82 F.4th 1296
11th Cir.2023Background
- Mary E. Harris, a Black nurse, worked for Public Health Trust (PHT) for ~10 years; after a transfer from Jackson North to Jackson Reeves she received progressive discipline and was ultimately fired.
- At Jackson Reeves supervisor Gianella Carreno allegedly stated that ‘blacks are lazy, and don’t like to work.’ Harris says that comment and other treatment showed race discrimination, a hostile work environment, and retaliation for her complaints.
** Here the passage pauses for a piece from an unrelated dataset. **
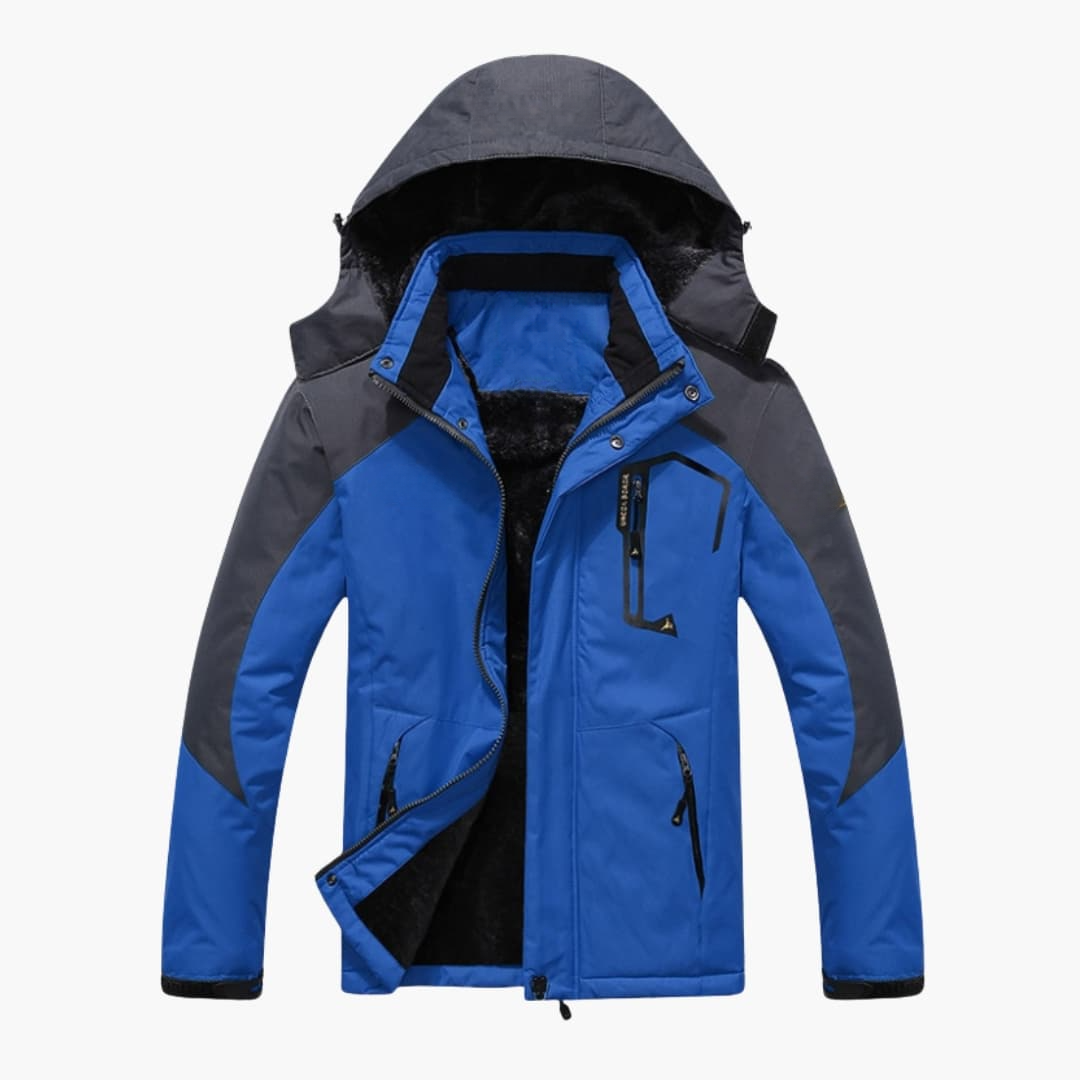 Men's olive green outdoor hiking jacket detachable hood zippered pockets all-weather windproof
- PHT disciplined and terminated Harris citing documented tardiness, absences, and insubordination; decisionmakers conducted investigations and issued written discipline and termination.
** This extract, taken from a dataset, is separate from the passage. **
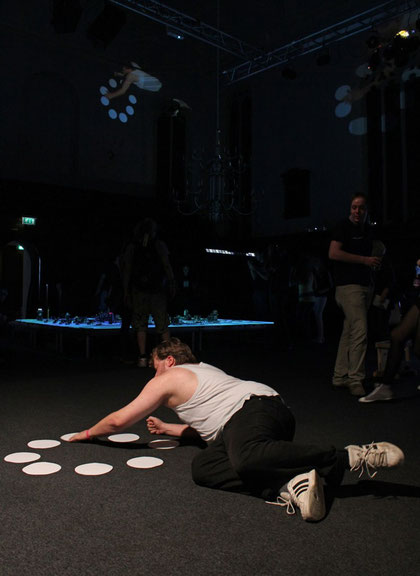 From the series <i>YouTube on the Floor (2011)</i>, Gogbot Festival, Enschede (NL), photo: Rosa Menkman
- District court granted summary judgment to PHT on all claims; it applied the McDonnell Douglas framework for discrimination and rejected Harris’s hostile-environment and retaliation claims. Harris appealed.
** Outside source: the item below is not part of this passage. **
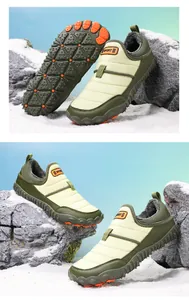 Vista dettagliata di scarpe da trekking professionali foderate con suola in gomma antiscivolo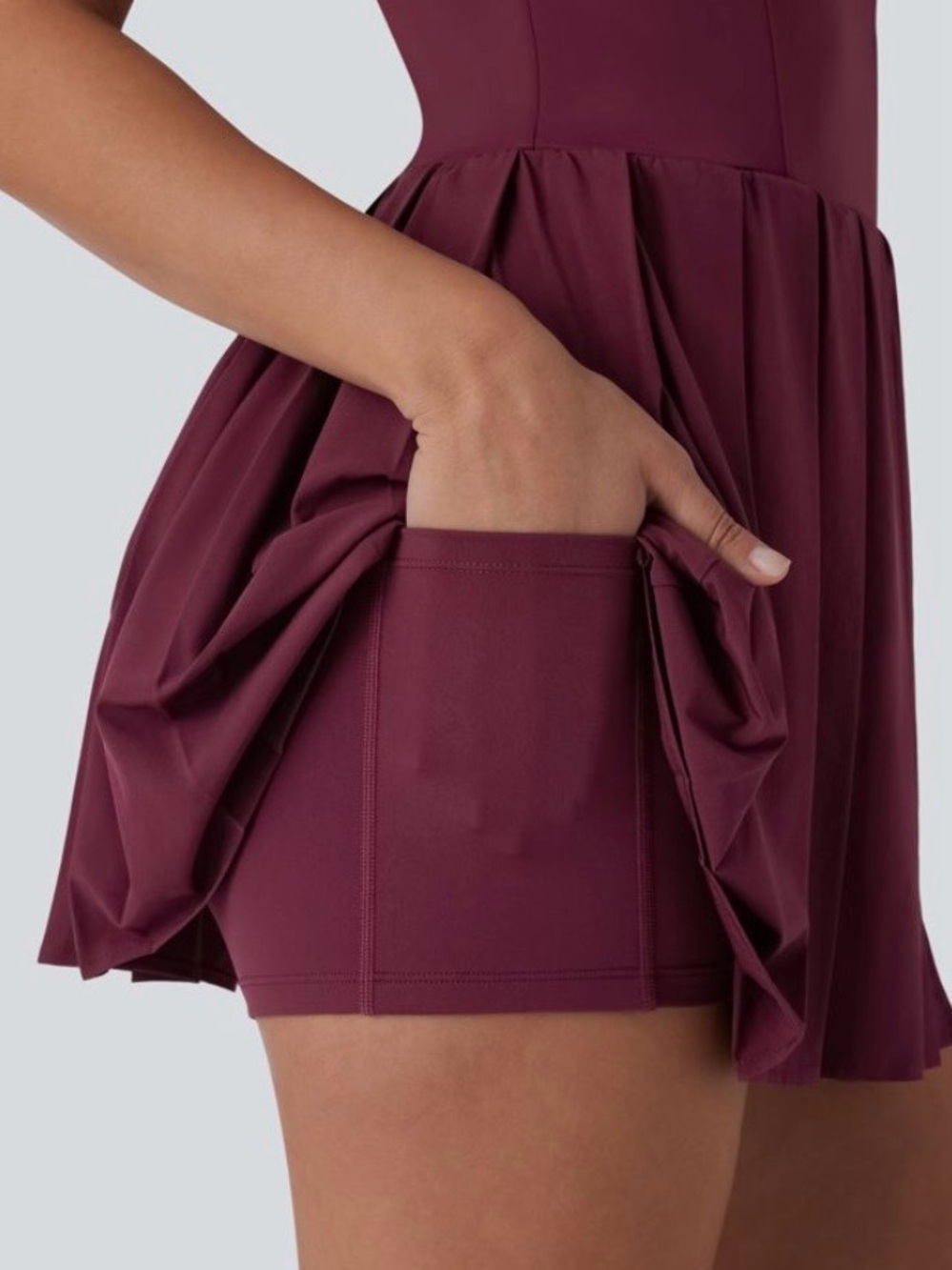 MEDIUM.  HALARA EASY PEEZY PLEATED ADJUSTABLE BUCKLE 2 IN 1 ACTIVE DRESS - Picture 6 of 13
- On appeal the court addressed whether Carreno’s remark was direct evidence (and whether a cat’s-paw theory saved it), whether pre-transfer incidents at Jackson North could be counted, and whether PHT’s stated reasons for discipline were pretextual.
Issues
| Issue | Plaintiff's Argument | Defendant's Argument | Held |
|---|---|---|---|
| Employment discrimination (Title VII & FCRA) | Carreno’s racial slur is direct evidence that race motivated adverse actions; Carreno was the driving force behind discipline/termination (cat’s-paw). | No direct evidence; Carreno was not the formal decisionmaker and decisionmakers independently investigated and relied on other information. | Affirmed for defendant. Court held the comment wasn’t direct evidence of discriminatory intent by the ultimate decisionmaker; Harris forfeited circumstantial frameworks and failed to show a cat’s-paw failure-to-investigate. |
| Hostile work environment | A set of nine incidents (including the slur, micromanagement, exclusion from supplies, poking, extra clerical duties, solicitation of reports, disbelief of complaints) collectively were severe/pervasive. | Several incidents were untimely or not caused by race; remaining incidents were isolated/not severe or pervasive enough to alter terms/conditions. | Affirmed for defendant. Court excluded pre-transfer Jackson North events as not sufficiently related; several incidents lacked evidence of race causation; the remaining conduct was not severe or pervasive under totality. |
| Retaliation | Discipline and termination were retaliatory responses to Harris’s complaints about race discrimination. | Employer had legitimate, nondiscriminatory reasons (tardiness, absences, insubordination) supported by records; Harris offered no evidence those reasons were pretextual or that but-for causation existed. | Affirmed for defendant. Even assuming prima facie case, Harris failed to show PHT’s reasons were pretext for retaliation (no proof others with similar records were treated differently; no undermining of documentary records). |
Key Cases Cited
- McDonnell Douglas Corp. v. Green, 411 U.S. 792 (established burden-shifting framework for discrimination cases)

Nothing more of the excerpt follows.